Christmas is for appreciating the blessings we share. What better way to appreciate the benefits of health and the natural world than to consider a vegan Christmas dinner? For those who want to reduce violence against animals; refrain from contributing to the environmental impact of livestock agriculture, and improve their own health and vitality, going vegan for Christmas is easy. Best of all, there are myriad vegan recipes that will make meat an obsolete element.
The Main Course: No More “Fowl” Food
Turkey is most commonly associated with Thanksgiving, but it can also be a showstopper for your Christmas dinner. There are good alternatives to turkey which make it a great choice as the star of your dinner. “Tofurkey,” for example. Taking five blocks of the firm or extra-firm tofu, blend them in a food processor until you arrive at a smooth and creamy texture. Transferring the contents to a large mixing bowl, combine two tablespoons of fresh, chopped sage; one tablespoon of minced rosemary; one tablespoon of fresh thyme; two tablespoons of poultry seasoning; and one of vegetable broth powder with the tofu, stirring the ingredients vigorously.
Interlining a colander with cheesecloth, pour the mixture into the strainer and place a thin towel over it. Find an object to place over the towel that will lightly press the tofu mix. After chilling the tofu for three hours, delve out the concoction from the middle–leaving an inch and a half thick bowl remaining on the cheesecloth. Insert two cups of pre-made vegetarian stuffing, which can be found at a natural food store or an ecommerce platform, into this tofu shell, subsequently inverting it onto a greased baking sheet.

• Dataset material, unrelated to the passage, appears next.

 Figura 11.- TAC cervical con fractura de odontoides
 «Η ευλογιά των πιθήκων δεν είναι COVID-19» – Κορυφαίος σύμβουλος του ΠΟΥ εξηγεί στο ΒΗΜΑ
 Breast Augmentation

Meanwhile, mix a quarter cup of balsamic vinegar and a third of a cup of red wine together with two tablespoons of soy sauce and two teaspoons of dijon mustard. Lavishly baste the tofurkey with this blend and place it in the oven for an hour and a half at 350 degrees. Make sure to baste every 15 minutes.
Healthy and Humane Side Dishes
Even meat-eaters will confess that side dishes make the meal.

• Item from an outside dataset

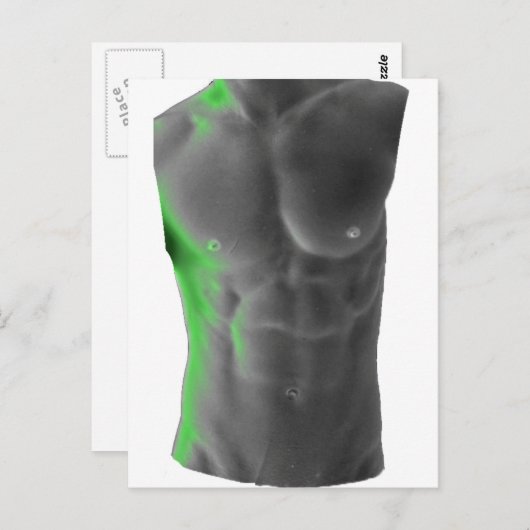 Abs Briefkaart (Voorkant / Achterkant)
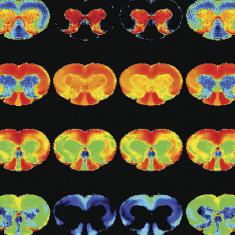 Preclinical MRI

Roasted acorn squash — nothing says autumn and winter like gourds and legumes. Slicing two squashes evenly (and scooping out all the seeds), interspersing them with eight sliced shallots. After coating them with olive oil and sprinkling a little salt over them, put them in the oven for 30 minutes at 450 degrees. Once tender and golden, the squash can be removed. Drizzle with a mix of 1/8 cup olive oil, a tablespoon of apple cider vinegar, and a pinch of salt and pepper.
Almond green beans — cook a pound and a half of cut green beans to preferred texture (three to five minutes) in a pan with three tablespoons of water.
In a separate pan, heat two tablespoons of olive oil, then saute 1/3 cup of almonds for about three minutes. At this point, start adding the green beans to the second pan a few at a time. Once charred, they are ready to serve.
Maple-Cranberry sauce — taking three cups of fresh cranberries, combine them with a cup of maple syrup, a half-cup of water and 1/4 cup of orange juice, bringing these components to a boil in a saucepan. Reduce the mixture to simmer for 10 minutes, stirring periodically. Then, take the saucepan off the heat and add a teaspoon of orange zest. Allow the sauce to come to room temperature before covering and chilling until time to serve.
Dessert–Decadent in Taste, Nutritious in Fact
A delicious vegan apple pie starts with 8-10 apples peeled and cored. In a large bowl combine 1/4c. of sugar with 1Tbs. of cinnamon. Then add the juice of half a lemon and toss your apples in the mixture until evenly coated. Then in a large skillet add 2tsp. of coconut oil. Once the oil is hot saute the apples until they are softened. Add the apples into a vegan pie crust and add a whole layer of pie crust to the top. Poke 3 holes in the top to allow steam to escape. Bake for 50 min in a 350-degree oven. Enjoy.